| HN Mirror

Y	Hacker News new \| ask \| show \| jobs

by java_beyb 912 days ago

well, deepgram might be the fastest among cloud-dependent APIs, like Speechmatics and Assembly AI mentioned above. -but- it cannot be faster than local or smaller models as you mentioned.

Among local solutions, Whisper SDK doesn't support streaming, I haven't seen any good workarounds or successfully implemented it. VOSK, DeepSpeech, Kaldi, et al were good once upon a time... Picovoice seems to be doing well.
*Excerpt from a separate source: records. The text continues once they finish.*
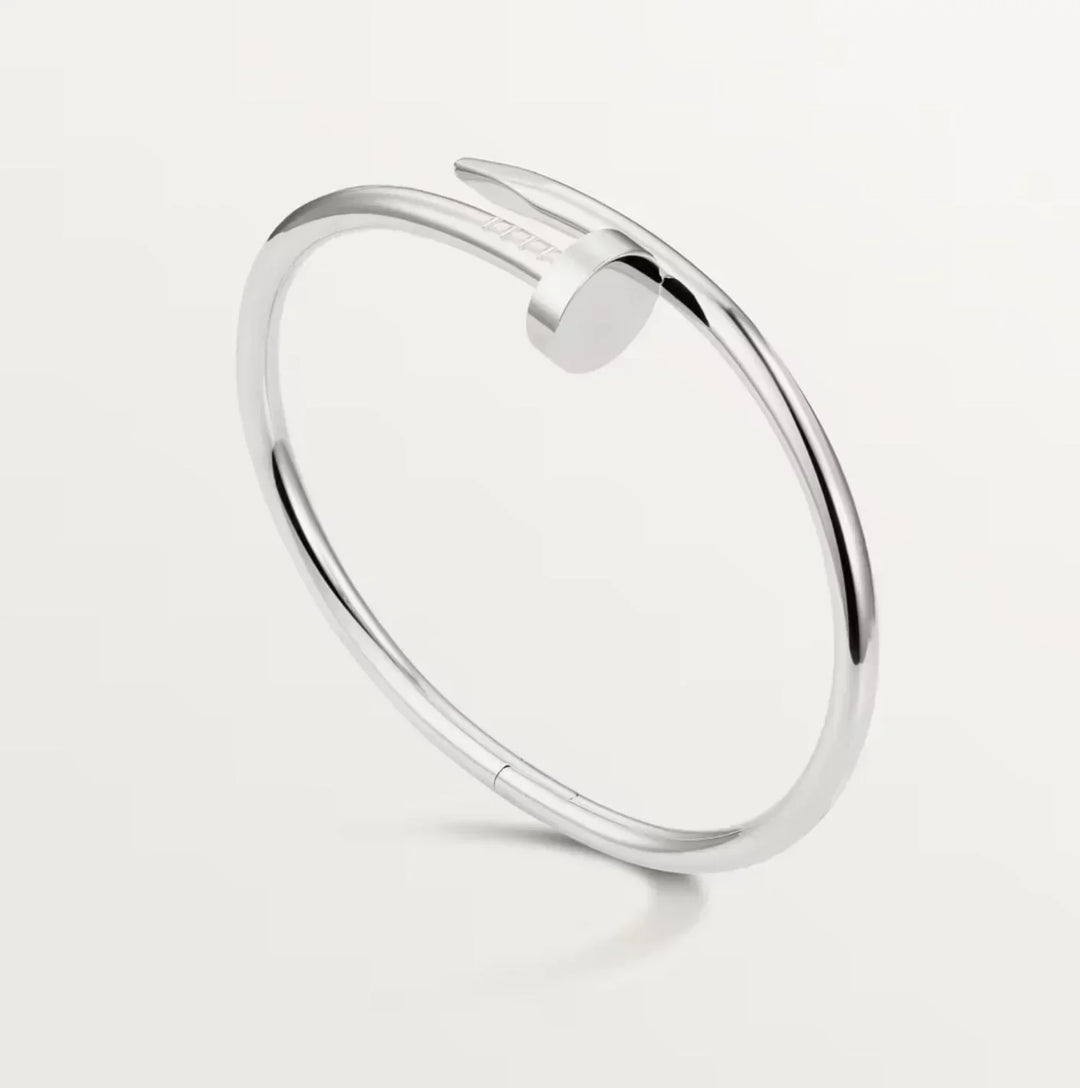 Unisex zilveren nagelarmband Valen. Stijlvolle spijker cuff armband van gepolijst zilver, modern en minimalistisch.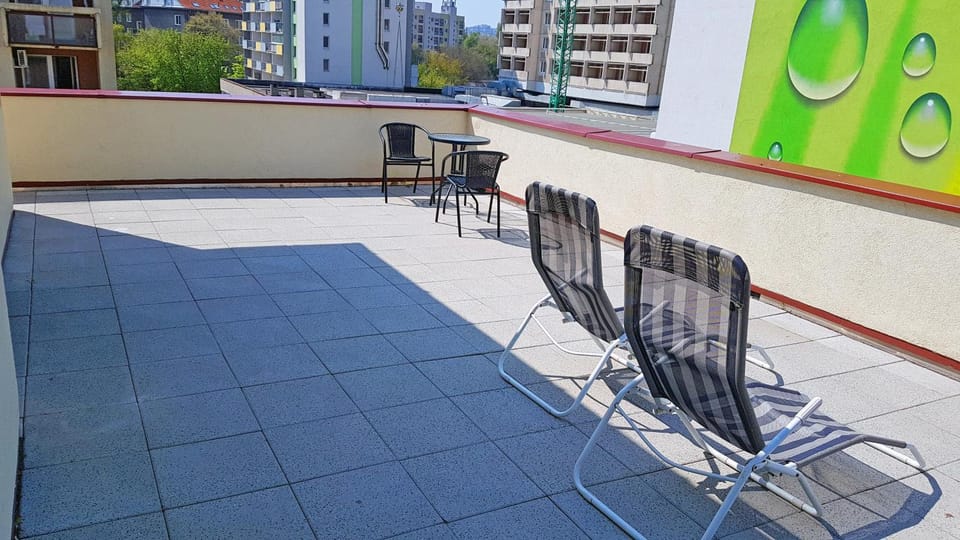Balcony/Terrace, Evening entertainment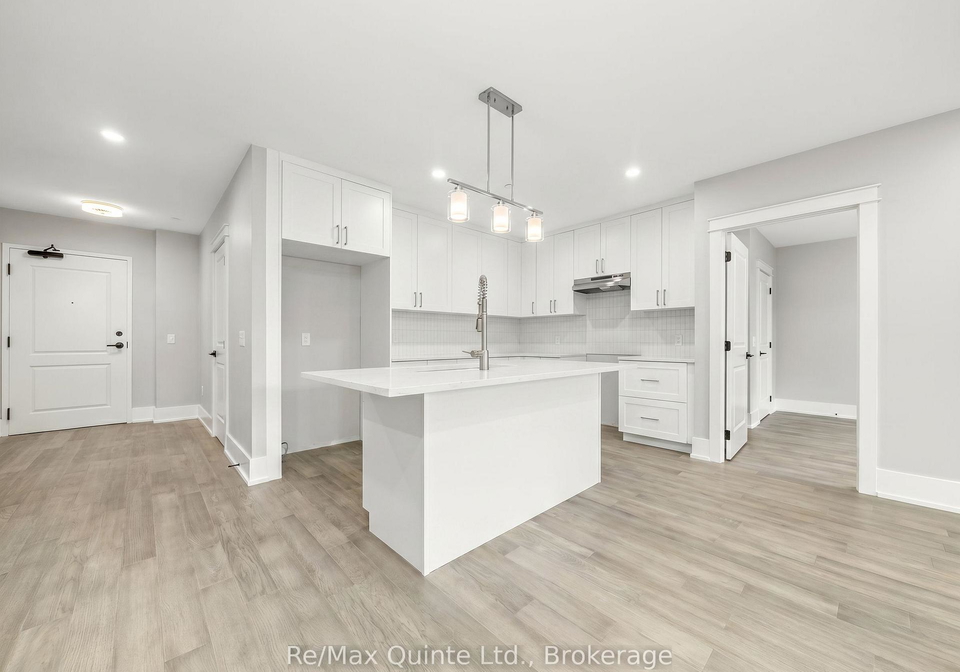 17-cleave-avenue-prince-edward-county-ontario-x12268409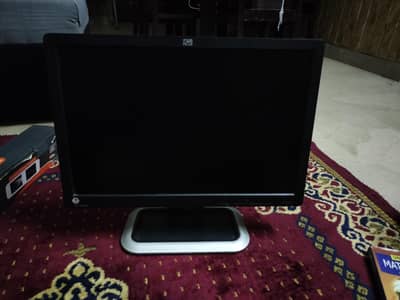 LCD (Monitor) is in a very good condition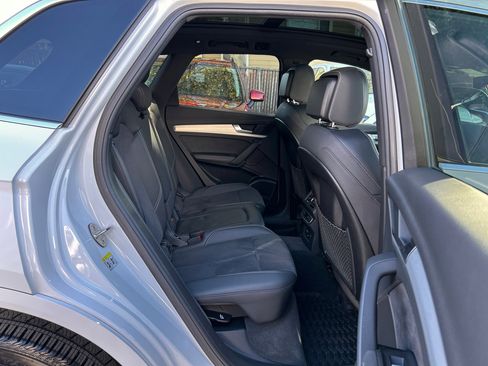 Used 2023 Audi Q5 e Premium Plus w/ Premium Plus Package image 20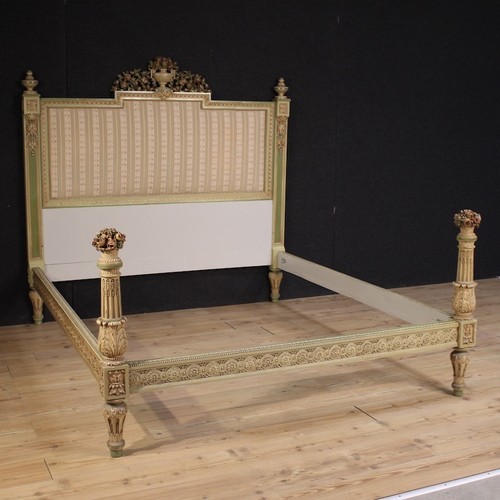 Italian double bed furniture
I was planning to work on this: https://picovoice.ai/blog/chatgpt-ai-virtual-assistant-in-py... using Eleven Labs and Cheetah. Hope I can crave some time

1 comments

jkachmar 912 days ago

unless i'm misunderstanding `whisper.cpp` seems to support streaming & the repository includes a native example[0] and a WASM example[1] with a demo site[2].

[0]: https://github.com/ggerganov/whisper.cpp/tree/master/example...

[1]: https://github.com/ggerganov/whisper.cpp/blob/master/example...

[2]: https://whisper.ggerganov.com/stream/

java_beyb 911 days ago

have you tried it? i mean for fun, it wouldn't hurt for sure and ggerganov is doing amazing stuff. kudos to him.

but whisper is designed to process audio files in 30-second batches if I'm not mistaken. it's been a while since whisper released, lol. These workarounds make the window smaller but it doesn't change the fact that they're workarounds. you can adjust, modify, or manipulate the model. You can't write or train it from scratch. check out the issues referring to the real-time transcription in the repo.

can you use it? yes would it perform better than Deepgram? -although it's an API and probably not the best API- I am not sure. would i use it in my money-generating application? absolutely not.